New York, Aug 6 IANS | 5 months ago

Be it your first date, a job interview or a big game at college, listen to your favourite tune before plunging into action as music truly makes you feel powerful.

But not all songs have the same effect, researchers found, and the levels of bass are a key factor in their effectiveness.

"I believe our findings provide initial evidence for the potential strategic use of music, especially in situations where people need to feel empowered," said Dennis Hsu of the Kellogg School of Management at Northwestern University in the US.

The researchers first pre-tested 31 pieces of music from several genres, such as sports music, hip-hop, and reggae, to see how powerful participants felt listening to 30-second clips.

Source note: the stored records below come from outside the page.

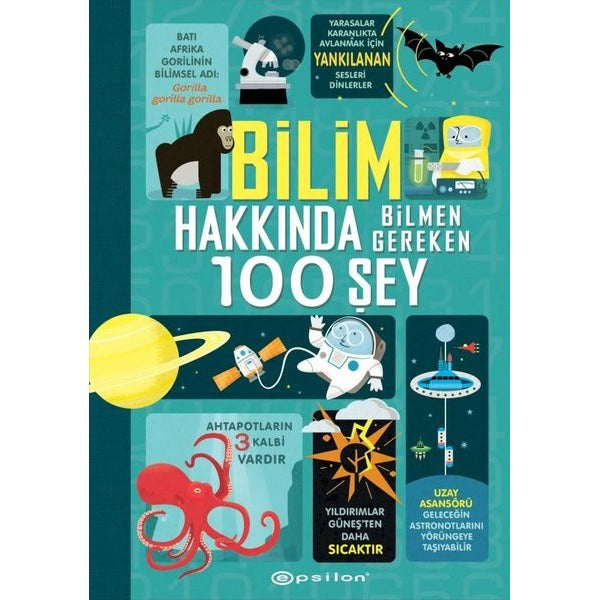 Bilim Hakkında Bilmen Gereken 100 Şey | Epsilon Yayınevi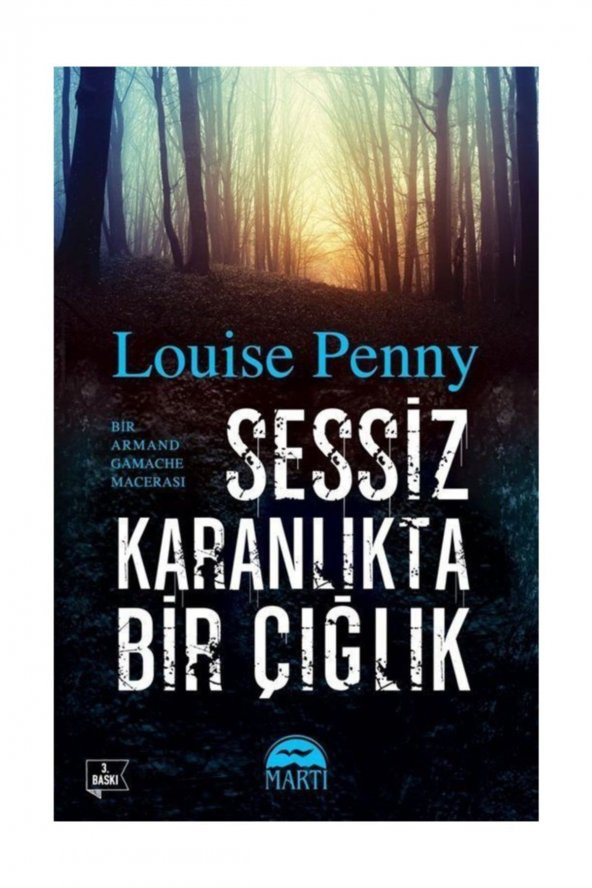 Sessiz Karanlıkta Bir Çığlık - Louise Penny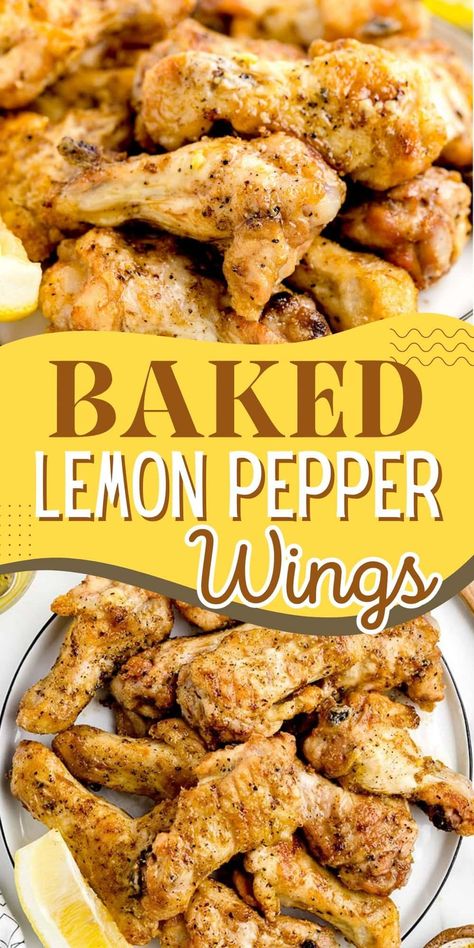 Baked Lemon Pepper Wings, Lemon Pepper Sauce, Lemon Pepper Wings, Yummy Bites, Baked Wings, Easy Appetizers, Amazing Appetizers, Chicken Wing, Party Food And Drinks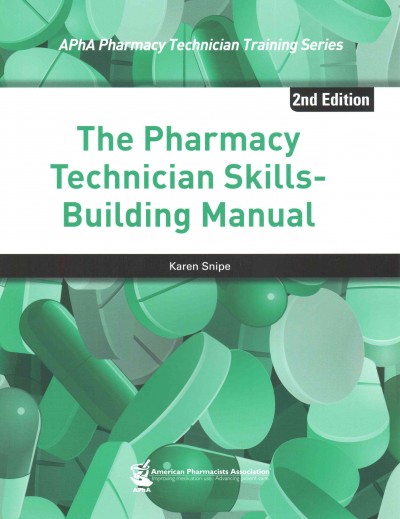 The pharmacy technician skills-building manual.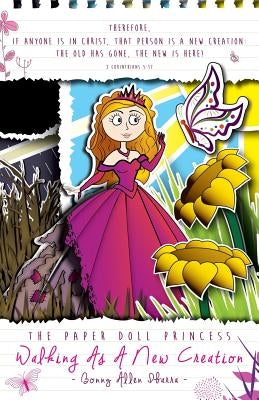 The Paper Doll Princess by Ibarra, Bonny Allen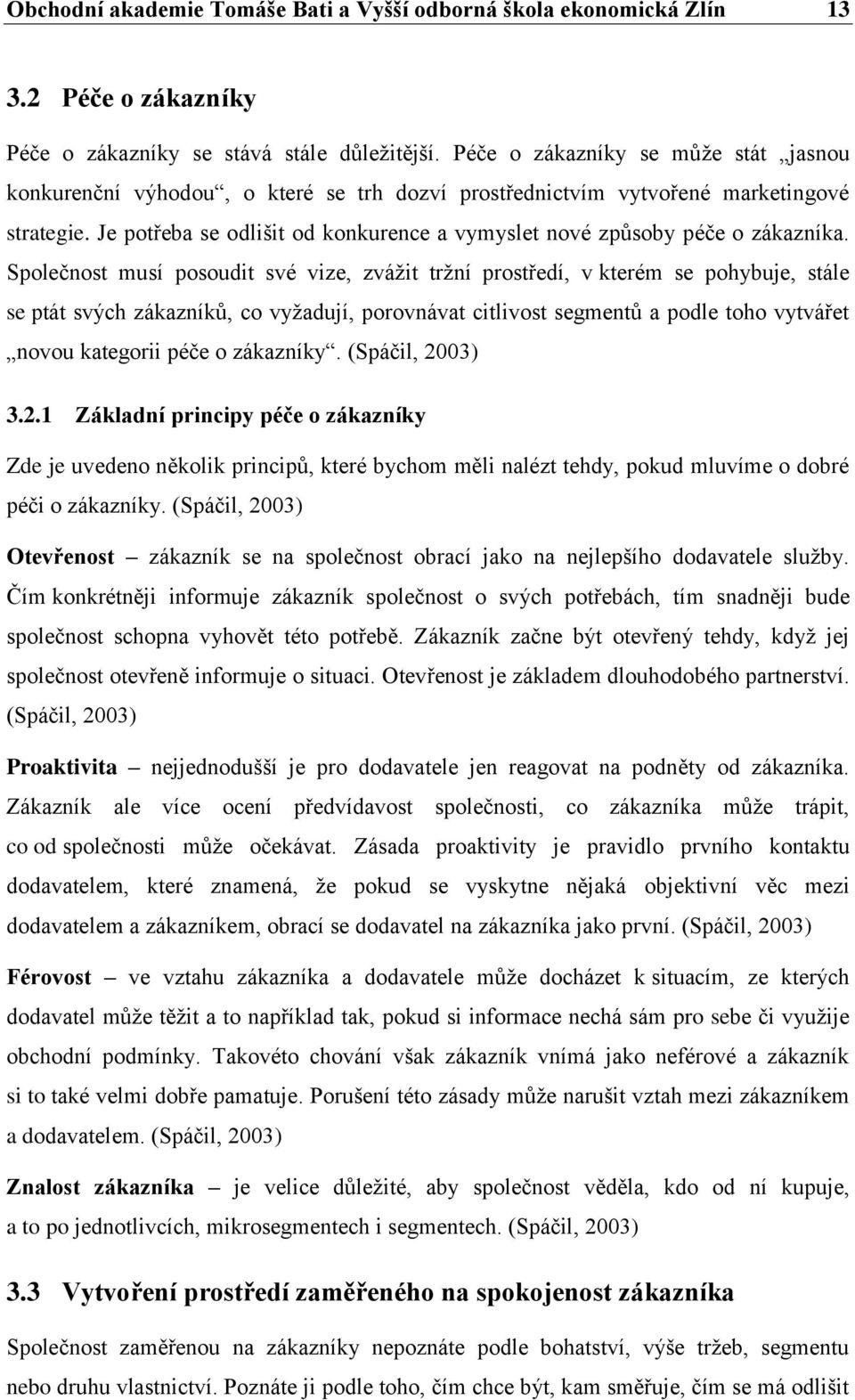Je potřeba se odlišit od konkurence a vymyslet nové způsoby péče o zákazníka.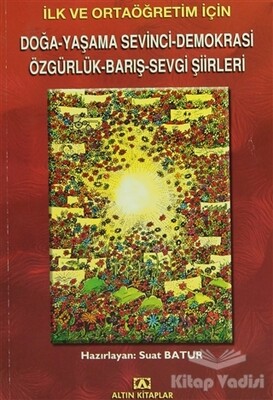 İlk ve Ortaöğretim İçin Doğa-Yaşama Sevinci-Demokrasi-Özgürlük-Barış-Sevgi Şiirleri - Altın Kitaplar Yayınevi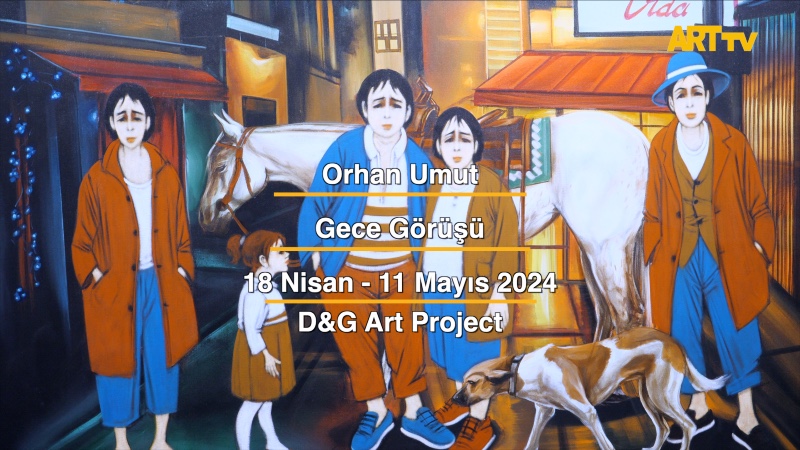 Orhan Umut | Gece Görüşü | D&G Art Project
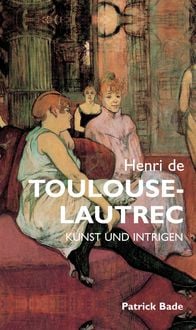 Produktbild: Henri de Toulous Lautrec: Kunst und intrigen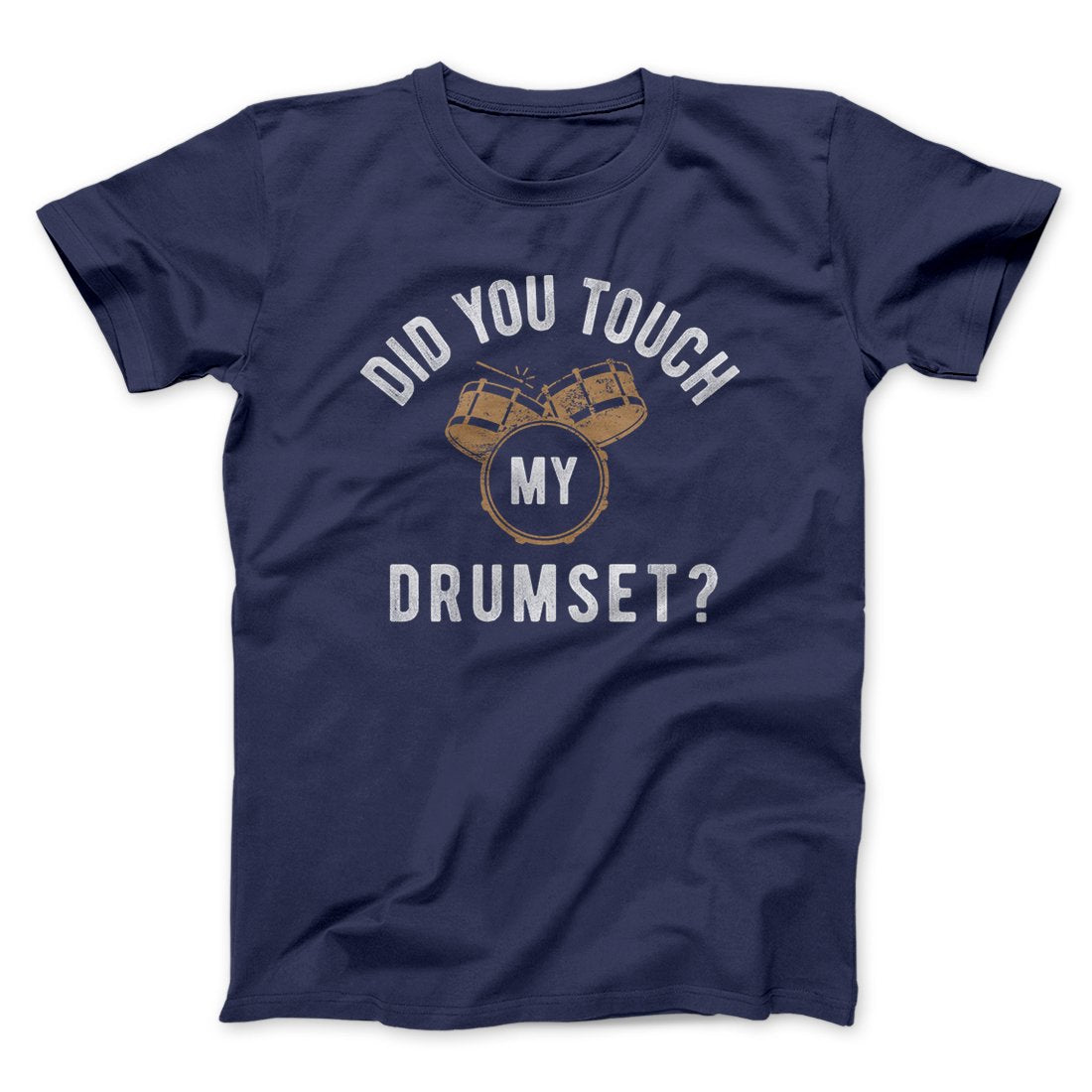 Did You Touch My Drumset? Funny Movie Unisex T-Shirt Gift For Best Friends - Zadago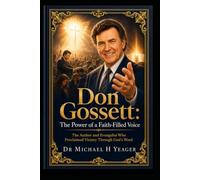 Don Gossett: The Power of a Faith-Filled Voice: The Author and Evangelist Who Proclaimed Victory Through God’s Word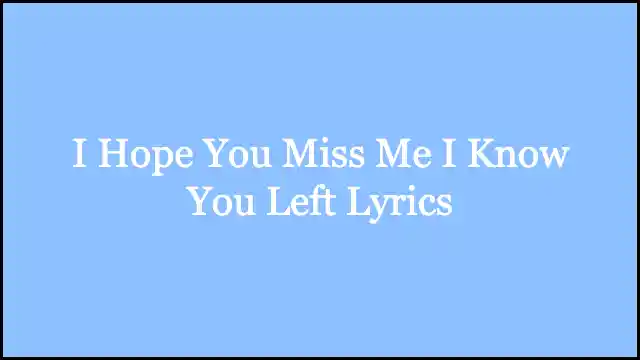 I Hope You Miss Me I Know You Left Lyrics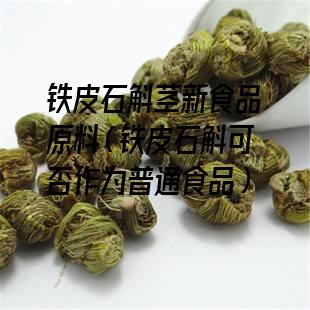 铁皮石斛茎新食品原料（铁皮石斛可否作为普通食品）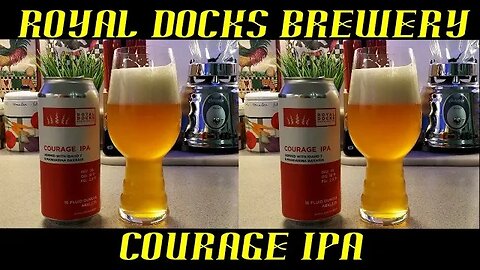 Royal Docks Brewery ~ Courage IPA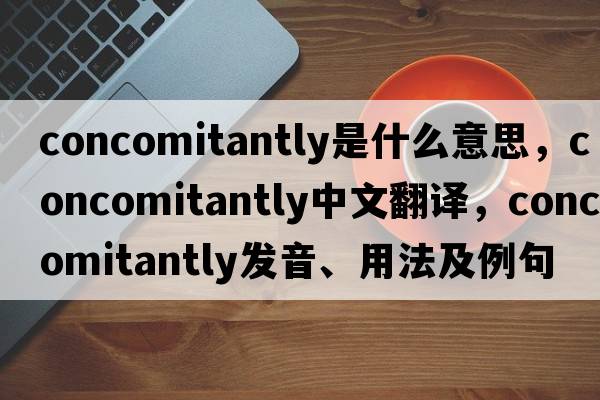 concomitantly是什么意思，concomitantly中文翻譯，concomitantly發(fā)音、用法及例句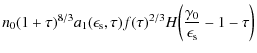 $\displaystyle n_0 (1 + \tau)^{8/3}a_1(\epsilon_{\rm s}, \tau) f(\tau)^{2/3} H\biggl(\frac{\gamma_0}{\epsilon_{\rm s}} - 1 - \tau \biggr)$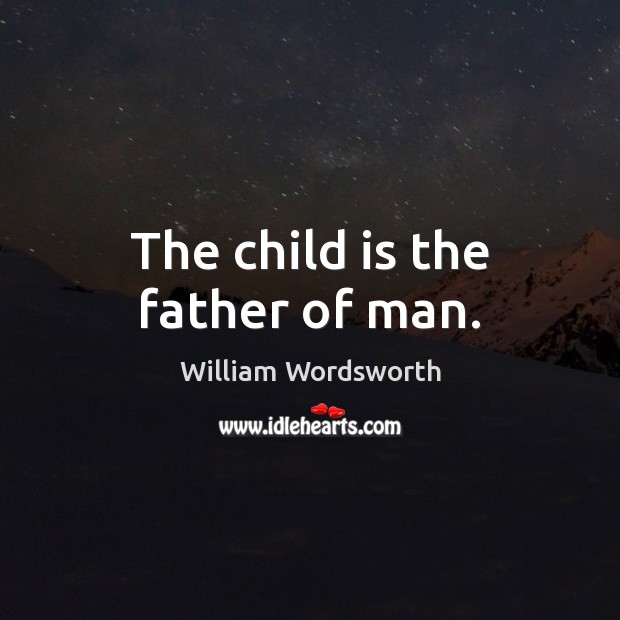 The child is the father of man. William Wordsworth Picture Quote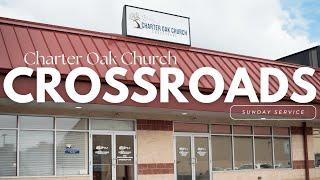 Charter Oak Church Crossroads | December 8, 2024 - The Gift of Movement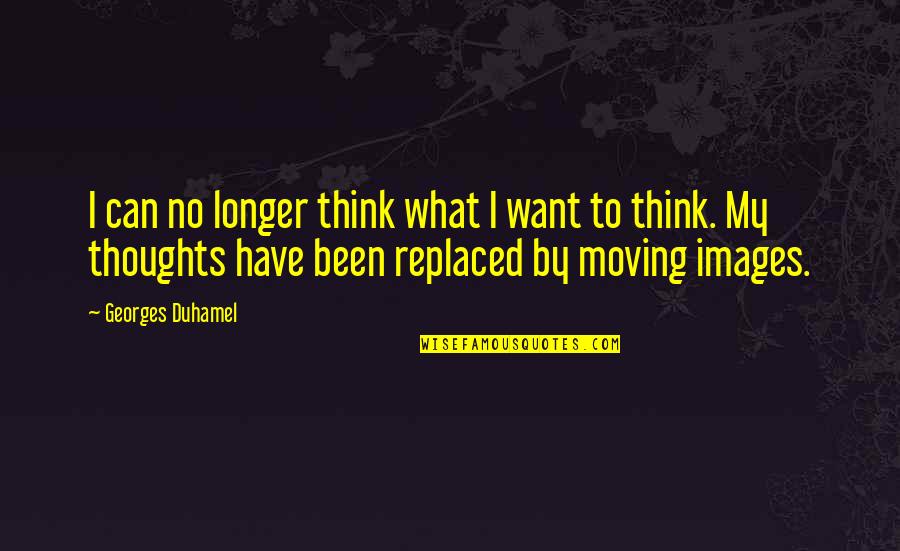 Idol Master Quotes By Georges Duhamel: I can no longer think what I want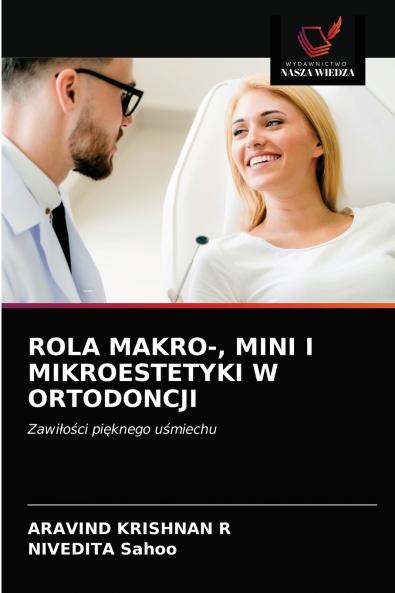 ROLA MAKRO- MINI I MIKROESTETYKI W ORTODONCJI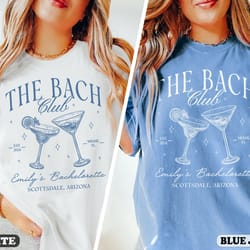 bachelorette party shirts, the bach club bachelorette shirts, custom location bach shirt, personalized luxury bacheloret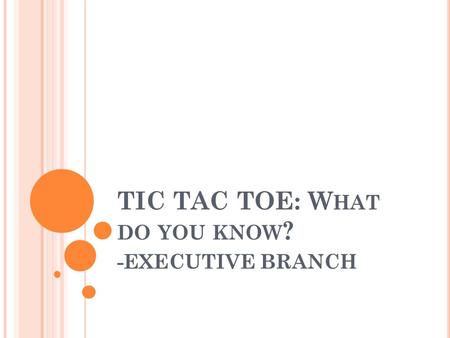 TIC TAC TOE: W HAT DO YOU KNOW ? -EXECUTIVE BRANCH.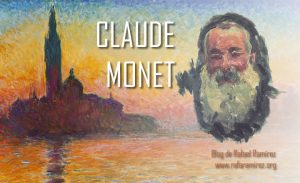 Claude Monet biografía. Blog de Rafael Ramírez.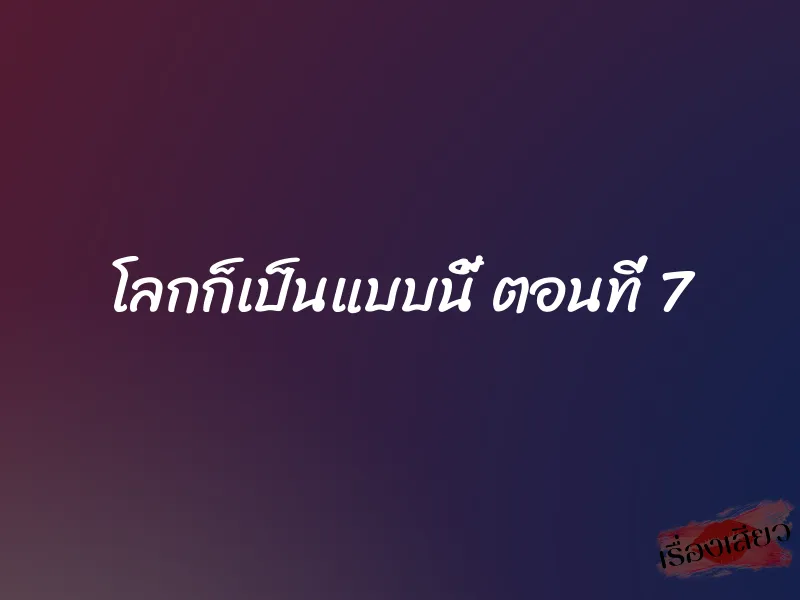 โลกก็เป็นแบบนี้ ตอนที่ 7 1 โลกก็เป็นแบบนี้ ตอนที่ 7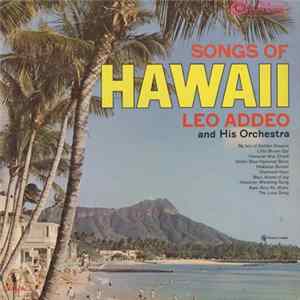 Leo Addeo And His Orchestra - Songs Of Hawaii Mp3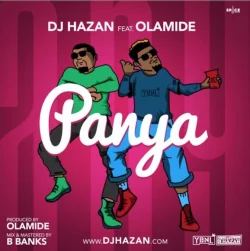 DJ Hazan - Panya (feat. Olamide)
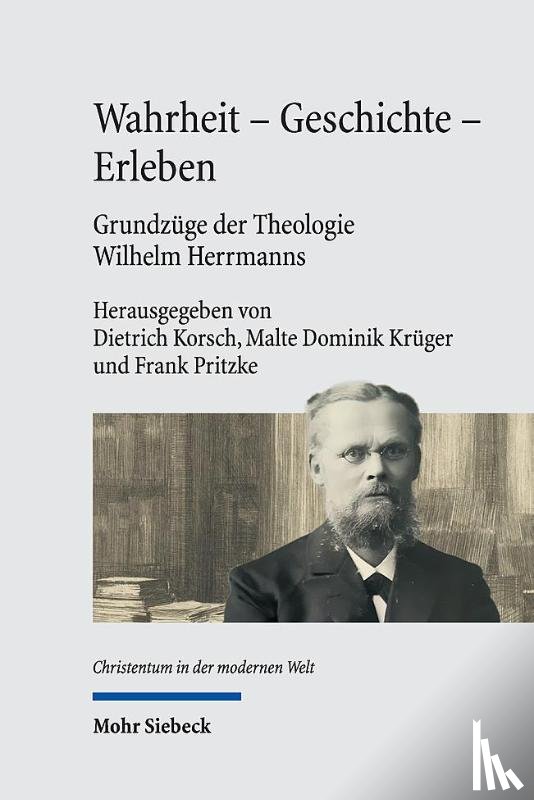  - Wahrheit - Geschichte - Erleben. Grundzuge der Theologie Wilhelm Herrmanns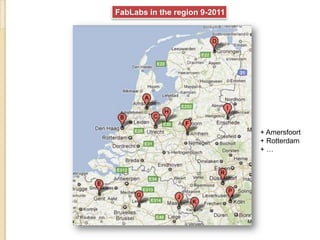 FabLabs in the region 9-2011




                               + Amersfoort
                               + Rotterdam
                               +…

From this pre-test, they identified the highest power and lowest power songs.

They looked at how the highest and lowest rated power songs affected both people's sense of power and three previously identified psychological and behavioural consequences of power.

These are the tendency to see the forest instead of the trees (thought abstraction), perceived control over social events (illusion of control), and the desire to move first in competitive interactions.

The researchers found that the high-power music not only evoked a sense of power unconsciously, but also systematically generated the three downstream consequences of power.

Importantly, the researchers also ruled out lyrics as the cause of the effects, separately asking people to rate how powerful the lyrics made them feel.

"Because participants did not report increased powerful feelings after reading the lyrics, we can rule out the semantic priming effect of lyrics in the selected songs," Hsu explained.

The study appeared in the journal Social Psychological and Personality Science.